- Recorded data
· · · ·
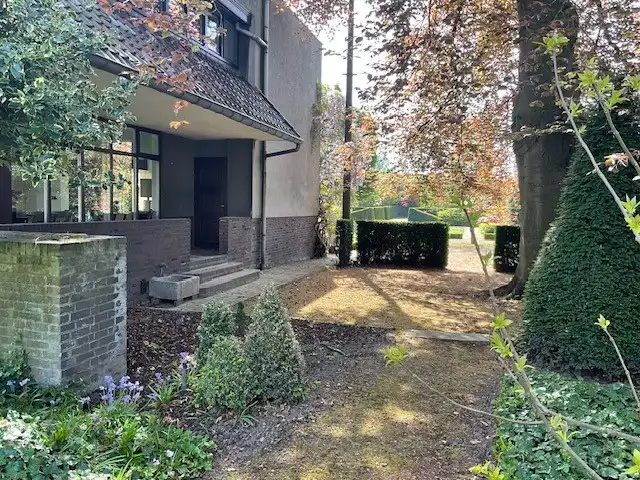Interbellum villa in Bree centrum foto 45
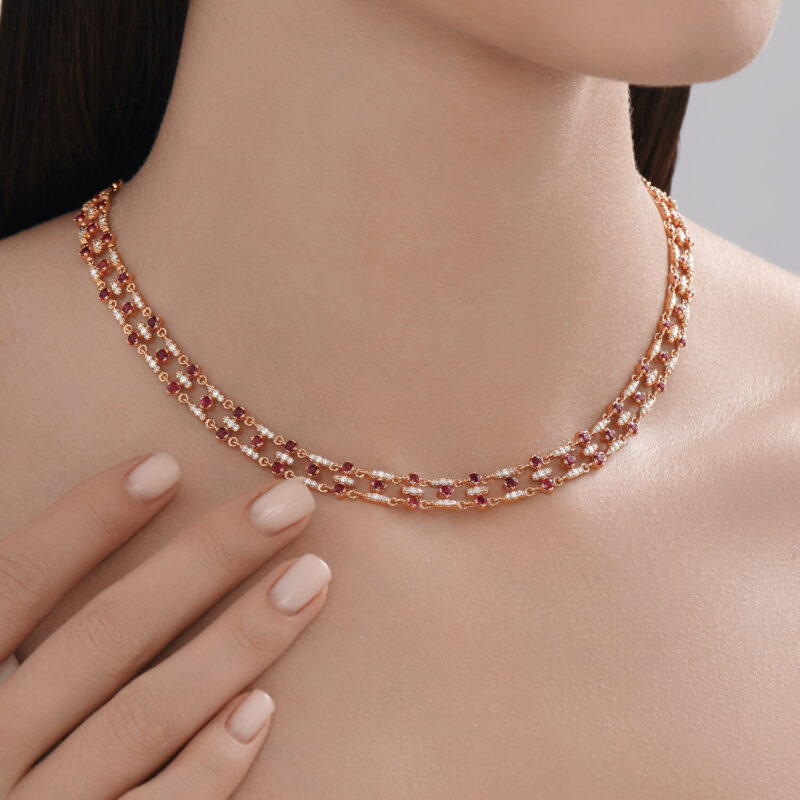 Crimson Majesty Necklace - Image 3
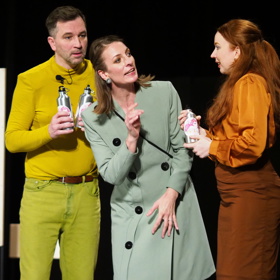 Herečka Anna Polívková v nové divadelní hře Jana Svěráka, Dobré ráno s Findou. Anna hraje zanícenou ekologickou aktivistku. Vlevo Ondřej Sokol, vpravo Alena Doláková.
· · · ·
- Goal of the exercise
Begin the copy at the line containing "Crimson Majesty Necklace - Image 3" and end it at the final line of the material above, reproducing each line exactly and omitting pictures.

- Finished exercise
 Crimson Majesty Necklace - Image 3
 Herečka Anna Polívková v nové divadelní hře Jana Svěráka, Dobré ráno s Findou. Anna hraje zanícenou ekologickou aktivistku. Vlevo Ondřej Sokol, vpravo Alena Doláková.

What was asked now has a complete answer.